Gunbattles rocked the capital of Congo Republic on Monday, shattering a relative calm that had followed President Denis Sassou Nguesso’s re-election in a disputed poll last month.
Former members of the “Ninja” militia that fought Sassou Nguesso in a 1997 civil war raided and set alight military, police and local government offices but the attacks have been contained, said government spokesman Thierry Moungalla.
Opposition leader Guy-Brice Parfait Kolelas came second in the March 20 election and his father led the Ninjas during the civil war. The group signed a peace accord with the government in 2003 after years of sporadic clashes, though rivalries persist along regional and ethnic lines.
Kolelas was not involved in the attacks, an aide said.
“The government … does not yet have proof that the candidates or their supporters were involved in this affair but … investigations are under way,” government spokesman Moungalla said on state television.
The fighting between security forces and unidentified gunmen was some of the worst to hit Brazzaville since 1997, when Sassou Nguesso returned to power after months of urban warfare between rival militia groups in the capital.
He had previously ruled the oil-producing country from 1979 until he lost an election in 1992. Opposition supporters say they are frustrated in the wake of the March 20 election that one of Africa’s longest-serving rulers can extend a tenure that has already totalled 32 years.
Witnesses said young opposition supporters chanted “Sassou, leave!”, erected barricades near the main roundabout in southern Brazzaville’s Makelekele neighbourhood and set fire to the local mayor’s office and police headquarters.
The gunfire broke out in the opposition strongholds of Makelekele and Bacongo at 3 a.m. local time (0200 GMT) and lasted until 6 a.m. It resumed around 8 a.m. and intensified in late morning as military helicopters patrolled southern Brazzaville, witnesses said. Heavy weapons fire could be heard.
Hundreds of residents of southern Brazzaville, some carrying their possessions on their heads, fled their neighbourhoods on foot toward the north of the city.
Dozens of heavily-armed Republican Guard troops and police later headed towards the Kingouari neighbourhood of southern Brazzaville, where isolated gunfire persisted in the afternoon, while some residents took refuge in Catholic churches.
ELECTION FRAUD ALLEGED
Sassou Nguesso won re-election after pushing through constitutional changes in an October referendum to remove age and term limits that would have prevented him from standing again.

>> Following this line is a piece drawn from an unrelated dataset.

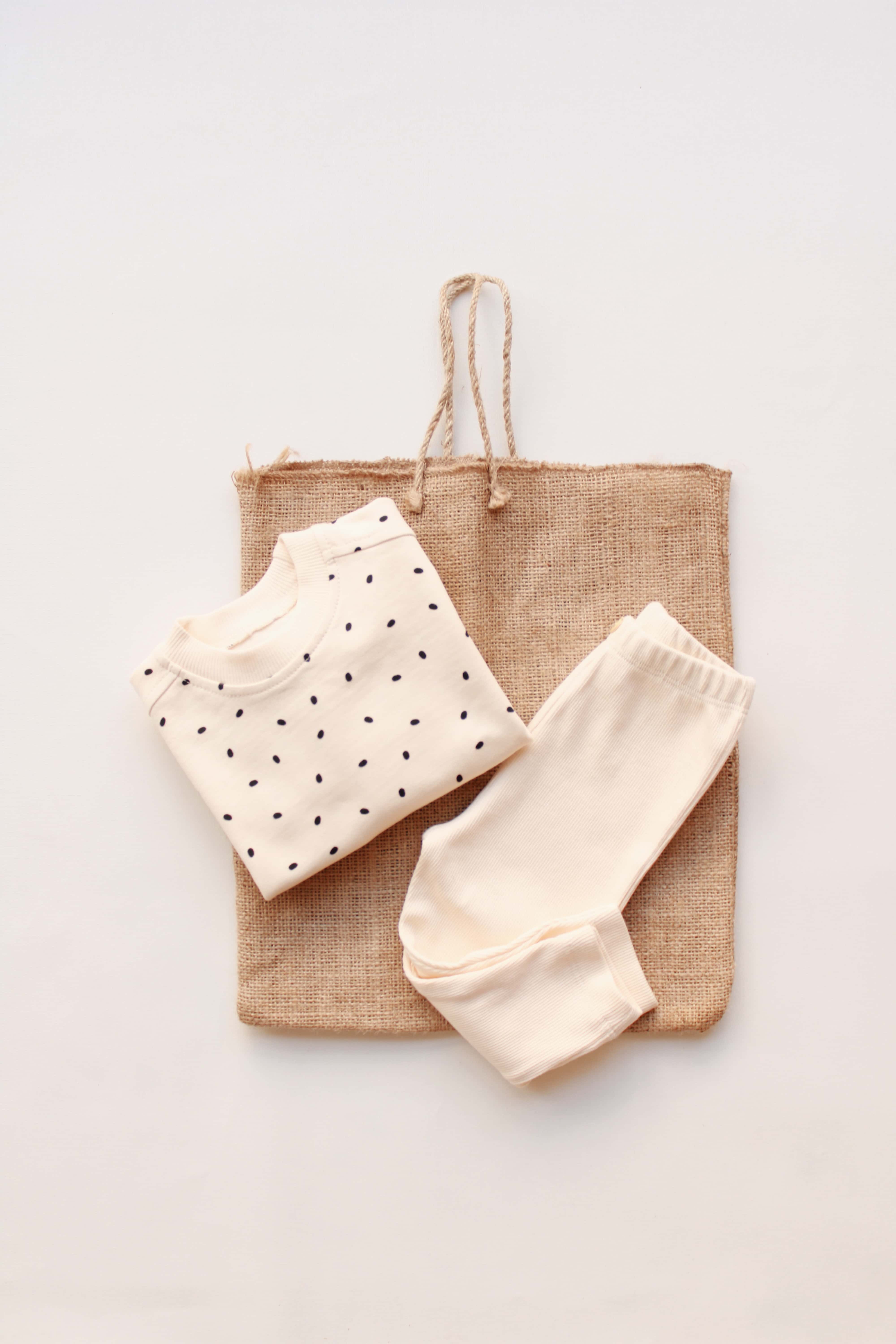 Neutral cotton baby outfit with dotted sweatshirt and cozy bottoms.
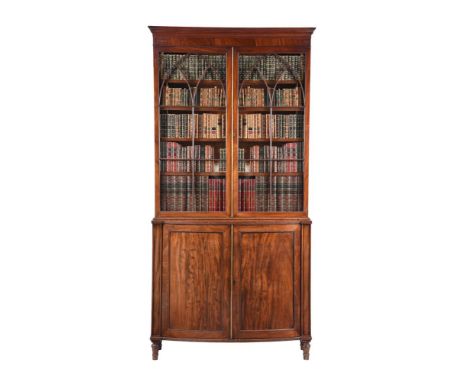 A GEORGE III MAHOGANY CABINET BOOKCASECIRCA 1800The glazed top above a base of bowfront outline with panel doors enclosing sh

At least 18 people were killed by security forces during opposition demonstrations against the referendum changes.
Opposition candidates say the March vote was a fraud and have called for a campaign of civil disobedience. A general strike last week held in southern Brazzaville but was ignored in the north of the city, where Sassou Nguesso is popular.
Michel Rodriguez Abiabouti, a spokesman for opposition leader and retired general Jean-Marie Mokoko, who came third in the election, said Mokoko’s house had been searched and no weapons were found.
“The other opposition candidates don’t have weapons. They were chased and mistreated (during the campaign) but they wanted, at any price, to go to the election,” he told Reuters.
The U.S. State Department said after the election it had received numerous reports of irregularities and criticised the government’s decision to cut all telecommunications including internet services during voting and for days afterwards.